● **PROBLEM TO WORK ON**: Transcribe the listing exactly, so that nothing but the pictures is missing.

● **DATA**:
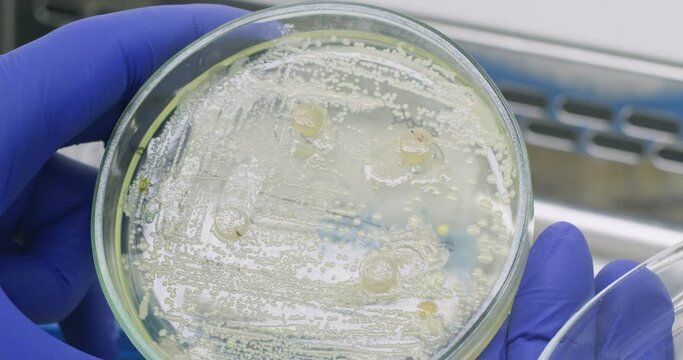 Laboratorian opens Petri dish with biomaterial sample in laboratory closeup. Lab worker checks development of organic culture in medical center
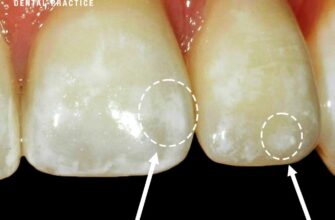 white-spots-on-teeth-causes-treatment-prevention
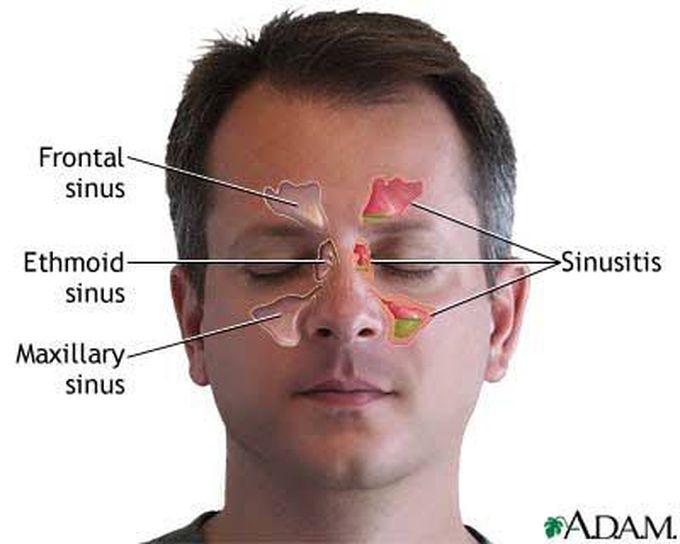 Symptoms of sinusitis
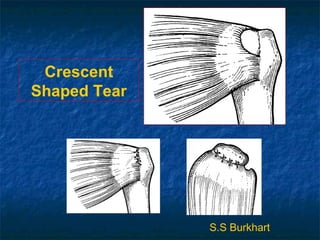 Crescent
Shaped Tear
S.S Burkhart
 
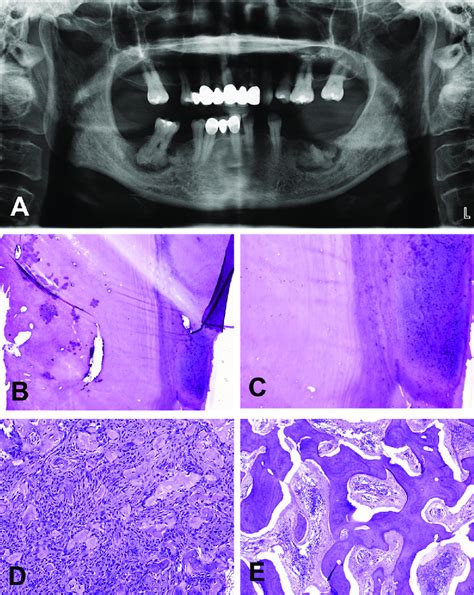 Panoramic radiograph and histological microphotographs of our case of ...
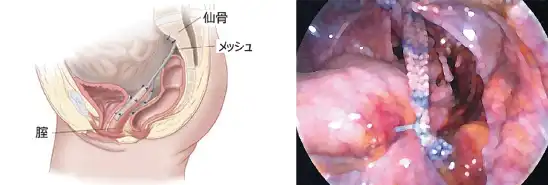 仙骨腟固定術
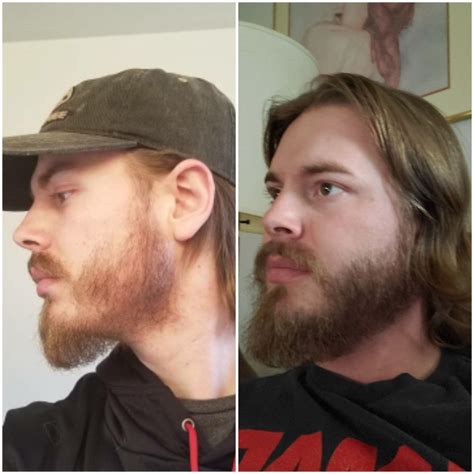 Patchy Beard Success Stories Before And After Photos Page 37 Beard Board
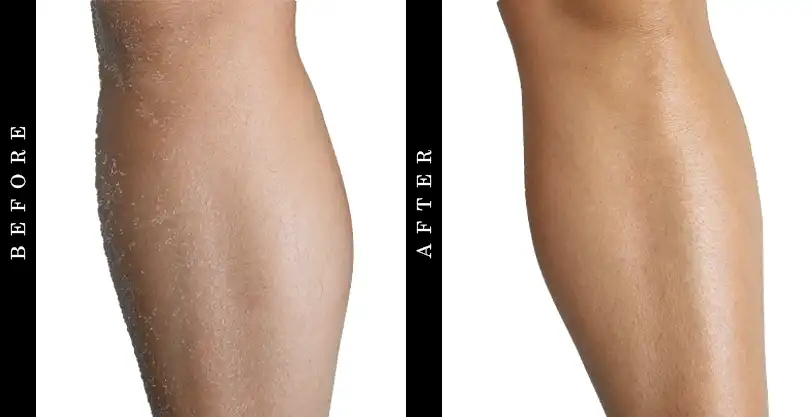 DRMTLGY Exfoliating Body Lotion Before and After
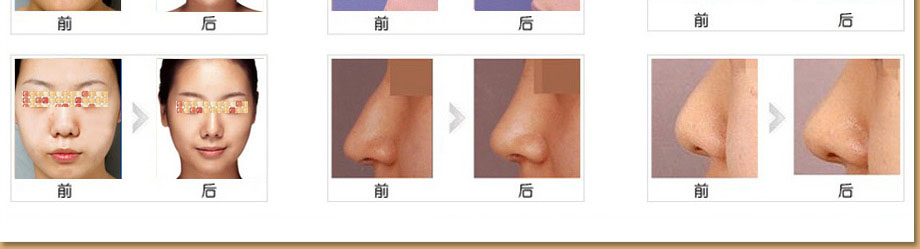 长春隆鼻,达拉斯隆鼻,长春做鼻子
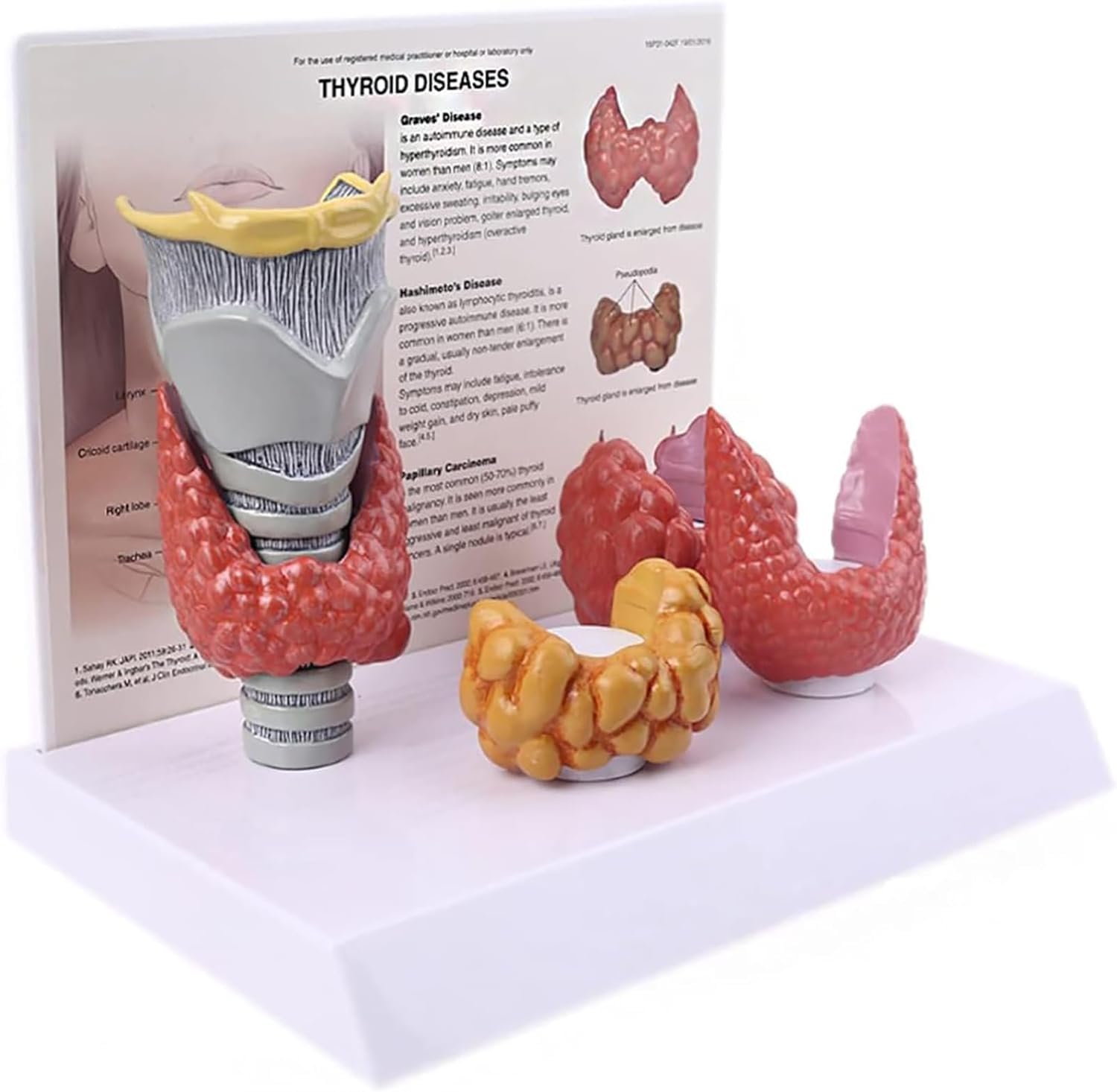 Modèle de glande thyroïde humaine, modèle d'anatomie normale et pathologique de la thyroïde humaine, échelle 3:1, illustrant le système digestif pathologique de la thyroïde. Modèle d'étude anatomique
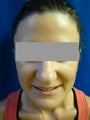 Ear Surgery (Otoplasty)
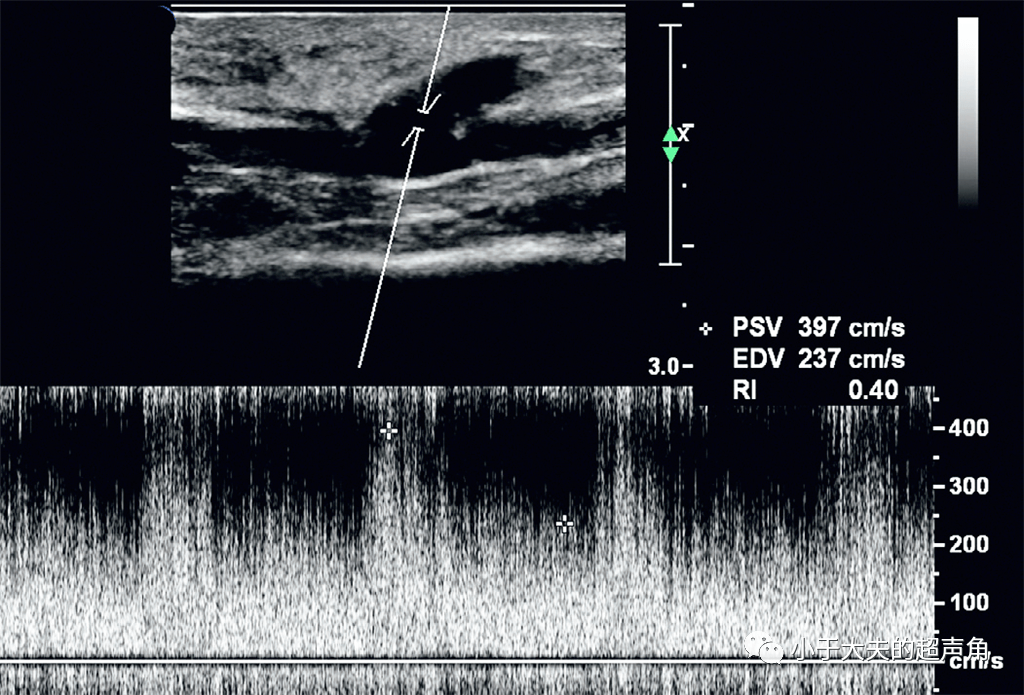 子宫动静脉瘘超声图片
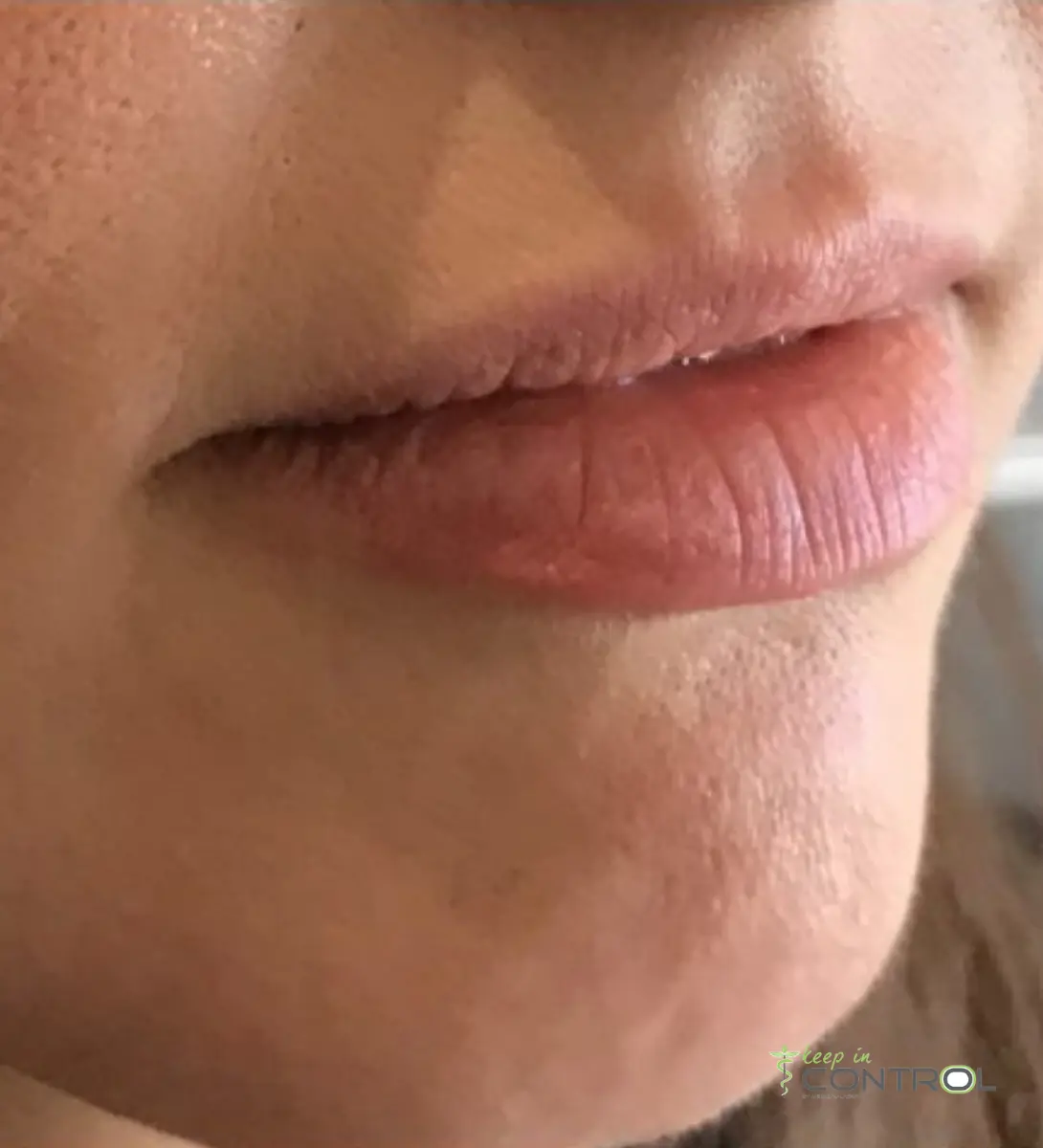 Fillers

● **RESPONSE BELOW**:
 Laboratorian opens Petri dish with biomaterial sample in laboratory closeup. Lab worker checks development of organic culture in medical center
 white-spots-on-teeth-causes-treatment-prevention
 Symptoms of sinusitis
 Crescent
Shaped Tear
S.S Burkhart
 
 Panoramic radiograph and histological microphotographs of our case of ...
 仙骨腟固定術
 Patchy Beard Success Stories Before And After Photos Page 37 Beard Board
 DRMTLGY Exfoliating Body Lotion Before and After
 长春隆鼻,达拉斯隆鼻,长春做鼻子
 Modèle de glande thyroïde humaine, modèle d'anatomie normale et pathologique de la thyroïde humaine, échelle 3:1, illustrant le système digestif pathologique de la thyroïde. Modèle d'étude anatomique
 Ear Surgery (Otoplasty)
 子宫动静脉瘘超声图片
 Fillers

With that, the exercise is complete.